Collecting Historical Memorabilia and Documents

History is a fickle teacher: ignore it, and you are doomed to repeat it. Saving history, on the other hand, is a worthwhile — and sometimes profitable — endeavor. One way to do this is to buy historical memorabilia and documents. While some historical memorabilia belongs in museums for the public to enjoy, you can still own a piece of history that aligns with your interests.

Goldin Auctions, for example, is hosting a special live auction of Jackie Robinson’s original, signed contracts on November 16.  These are historically important documents — for America in general, for baseball fans and for the Civil Rights Movement.

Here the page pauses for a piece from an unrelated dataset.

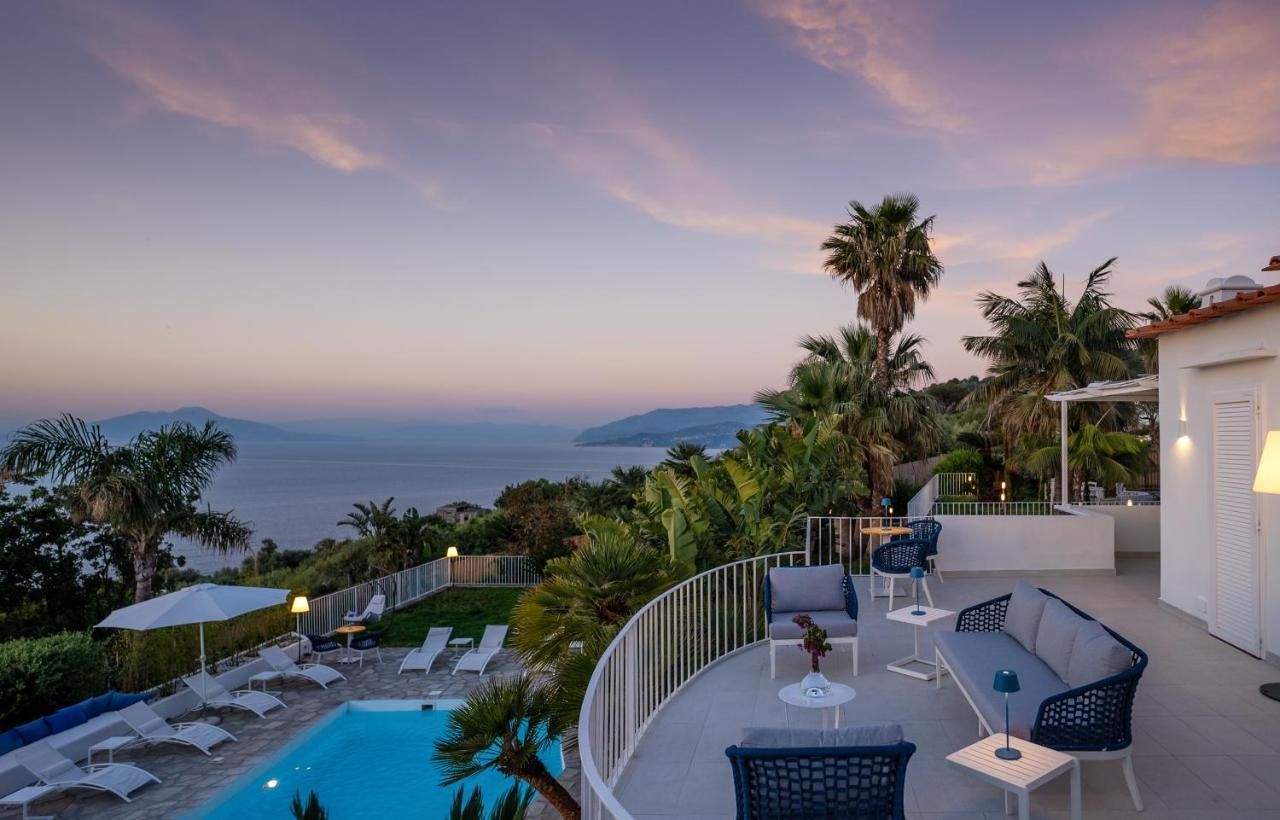 Capri Blue Luxury Villa Le Tre Monelle 阿纳卡普里 外观 照片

The auction, to take place on November 16, 2017, provides you the opportunity to buy historical memorabilia, assuming you have the extensive funding required.

Or Start with Less Expensive Items

Few collectors have the $36 million or more needed to buy Robinson’s contracts. If you’re interested, though, you can still buy historical memorabilia; you just have to start with smaller or less valuable items. You don’t have to rifle through the bargain bin at your nearby antique store; historical auctions like those held by Goldin Auctions take place throughout the year.

You can buy historical memorabilia like old-time, game-worn uniforms. You can find historical documents that pique your interest, such as letters signed by past U.S. Presidents, statesmen or celebrities. You can spend hundreds or thousands instead of millions — and still have something that may increase in value over time.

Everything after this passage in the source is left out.